Deixa-me dormir! SAI!
E
saí. Fui para o meu quarto e, de repente, a porta da rua cai no chão e faz um
enorme barulho. Saltaram todos da cama. O monstro tinha entrado! O monstro
estava em minha casa! Toda a família se levantou e foi até à sala. Lá estava
ele! Enorme. Nojento. Viscoso.
Mas…
o mais incrível aconteceu! Os primeiros raios de sol cobriram o monstro e ele
diminuía, diminuía, diminuía… até que voltou a ser boneco. Peguei nele e
parti-o em mil bocados.
Fui
para a minha cama um pouco mais descansada para dormir as restantes horas e
depois ir para a escola. Mas os meus pais e o Zeca ficaram na sala sem saberem
exactamente o que tinha acontecido.
Eram
9 horas quando o despertador tocou e acordei. Tinha guardado os bocados do
boneco partido numa caixinha do meu quarto. Desci as escadas e fui tomar um
grande e delicioso pequeno-almoço. Depois fui para a escola. Estava decidida a
não contar nada sobre o que tinha acontecido, havia umas horas atrás, a ninguém.
E assim fiz.
O
dia passou rapidamente. Fomos ver as várias salas reservadas à Área-Escola.

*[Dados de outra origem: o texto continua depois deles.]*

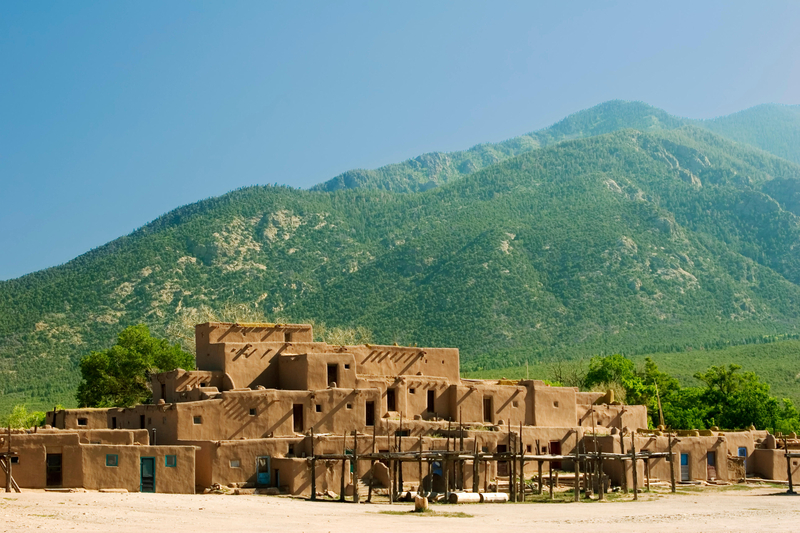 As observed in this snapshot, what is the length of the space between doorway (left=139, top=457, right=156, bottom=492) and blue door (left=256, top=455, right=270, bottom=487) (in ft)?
16.6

Fomos depois à nossa sala e ficámos lá a tarde toda. Às 18,30 despedimo-nos
e fomos para casa.
A
minha mãe tinha-me preparado um delicioso lanche, talvez ainda melhor do que o
pequeno-almoço. Sabia que eu não me devia sentir muito bem depois do que
acontecera. A seguir àquele apetitoso lanche, fui para o meu quarto. Deitei-me
e adormeci. Estava muito cansada… quase não tinha dormido nessa noite.
Às
20 horas a minha mãe veio chamar-me para o jantar. Não comi muito, pois ainda
estava a fazer a digestão do lanche. Voltei de novo para a cama. Mas já não
tinha sono.
Começou
a chover. As nuvens negras iam-se aglomerando cada vez mais até que começou a
trovejar. O barulho dos relâmpagos era tal que parecia que a casa tremia só de
os ouvir. Era meia-noite e o relógio dava as doze badaladas. A tempestade
continuava e eu ainda estava acordada. Subitamente ouvi um ruído. Vinha da
caixa. Daquela caixinha onde tinha posto os bocados do monstro. Estava a
mexer-se… até que abriu. Vi os bocados juntarem-se, formarem de novo aquele
monstro horrível! Ele crescia, crescia, crescia… tal como da primeira vez. Eu
estava aterrorizada: via-o aproximar-se de mim lentamente. Via-o preparar-se
para me morder como se os segundos fossem minutos intermináveis…Então
lembrei-me de que estava lua cheia. Instintivamente, apercebi-me que só à luz
da lua cheia é que o monstro atacava. Mordeu-me. Senti uma dor aguda no ombro
e, de seguida, a janela abriu-se de rompante. A chuva entrou e atingiu o
monstro. O contacto com ela fê-lo evaporar-se. Evaporar-se para
sempre.
Hoje
estou à janela do meu quarto. Há lua cheia e são onze e meia da noite. O
monstro sabia que me tinha transmitido a maldição quando me mordeu. Ao contrário
do que tinha acontecido com ele, não fiquei pequena, nem sou boneca: sou eu
mesma. Continuo a gostar de contar histórias de monstros, mas, à meia-noite, e
só quando está lua cheia, eu cresço, cresço, cresço… Sinto a minha pele
transformar-se numa coisa verde, viscosa, nojenta. Sinto a minha cara
modificar-se por completo e os meus olhos tornam-se vermelhos. Vermelhos como
sangue. Em vez de falar dou gritos, solto guinchos brutais. Não posso manter-me
dentro de casa quando fico assim: torno-me selvagem. Mas, quando o sol nasce e
me envolve nos seus raios, volto ao normal e fico de novo a Primavera que todos
conhecem.
Só
que… aviso-vos: nunca se aproximem de mim enquanto for monstro. É que faço
coisas que nem me atrevo a dizer, pois fico incontrolável. Nem eu própria me
consigo conter! Faltam apenas cinco minutos para a meia-noite e não quero
acordar ninguém com os meus guinchos aterradores.